Metamorphism and Magmatism
Regional metamorphism ranges from greenschist to amphibolite facies with localized high‑pressure assemblages; metamorphic gradients have been characterized by studies from the University of Lisbon and the Vrije Universiteit Brussel. Magmatism produced voluminous calc‑alkaline plutons, porphyry bodies, and syn‑kinematic granites with U‑Pb ages produced at the GEOTOP lab and the Lamont‑Doherty Earth Observatory. Isotopic signatures (Sr‑Nd‑Pb) link magmatism to both mantle‑derived sources and reworked Mesoproterozoic basement tied to crustal domains studied by the Geological Survey of Norway.
Structural Features and Deformation
Structures include major thrust systems, fold nappes, and steep shear zones that record transport directions and exhumation paths; key examples are preserved in the Armorican Massif and the Central Iberian Zone. Mapping and structural synthesis by teams from the University of Oxford and the Université de Lorraine emphasize imbricate thrust stacks, upright and overturned folds, and transcurrent shear zones tying Cadomian fabrics to later Variscan overprinting observed in the Bohemian Massif and the Massif des Central.

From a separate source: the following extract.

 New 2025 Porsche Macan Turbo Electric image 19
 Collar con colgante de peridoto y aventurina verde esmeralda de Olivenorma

Timing, Paleogeography, and Correlation
High‑precision geochronology (LA‑ICP‑MS, SHRIMP, ID‑TIMS) yields ages clustering between ~650 Ma and ~540 Ma, allowing correlations with coeval events such as the Pan‑African orogeny and continental reorganizations involving Laurentia and Gondwana. Paleogeographic reconstructions by groups at the University of Edinburgh and the Potsdam Institute for Climate Impact Research place Cadomian terranes along the northern edge of Gondwana before dispersal and accretion to peri‑Gondwanan margins, with implications for sediment routing into basins like the Avalon Basin.

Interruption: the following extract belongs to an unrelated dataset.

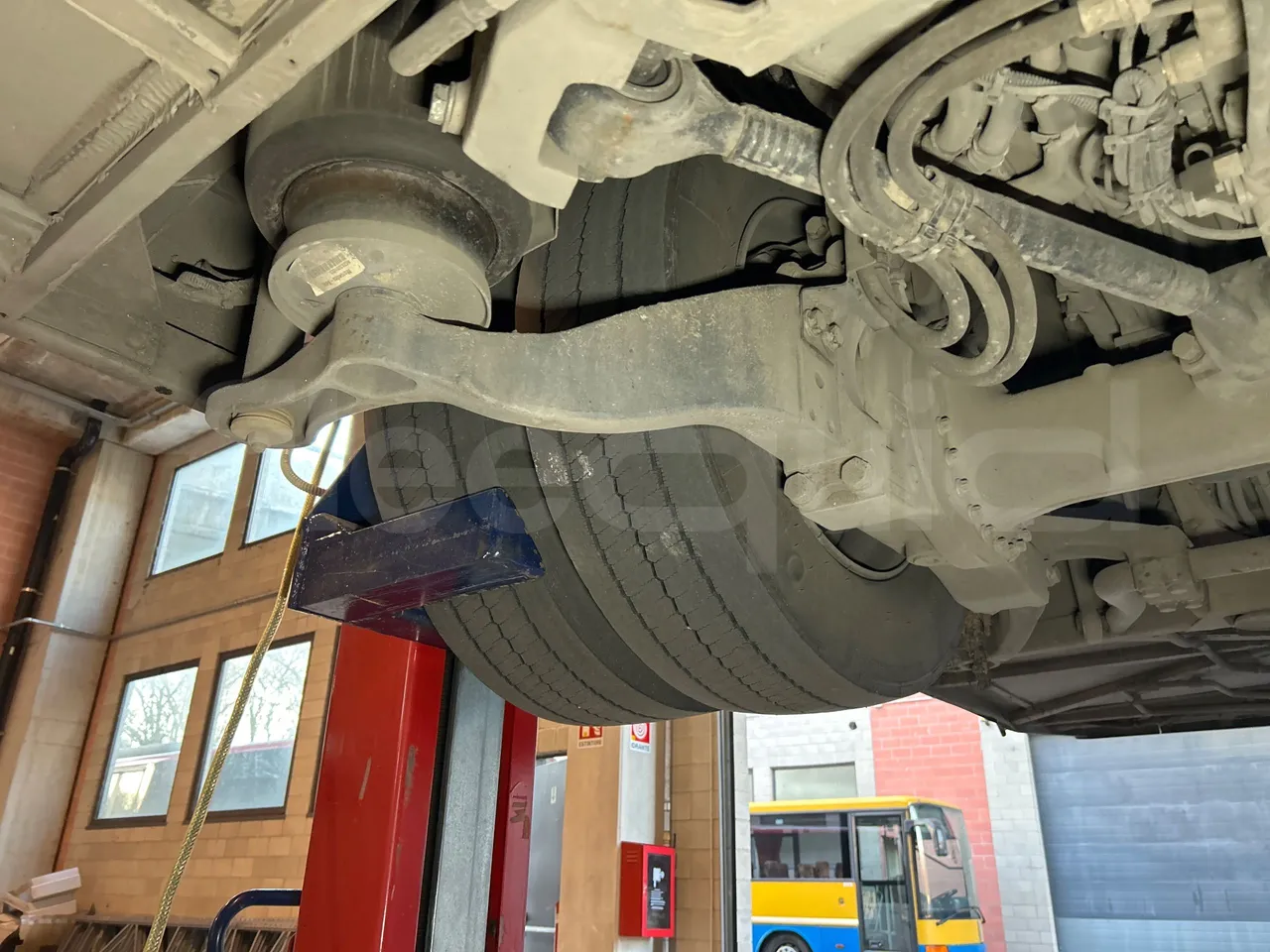 Mercedes-Benz O 530 G- 3P - Euro5 - 260kW - 17.940mt - axle 3 right side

Economic Significance and Mineralization
Cadomian belts host mineralization including tin‑tungsten greisen systems, base‑metal veins, gold mineralization, and skarn deposits exploited in regions such as Cornwall, the Galicia region, and parts of the Iberian Pyrite Belt. Exploration projects by companies and surveys including the British Geological Survey and mining firms active in Portugal and Spain target greisenized leucogranites and VMS‑type targets; provenance studies using detrital zircon and heavy minerals from the University of Salamanca inform resource models.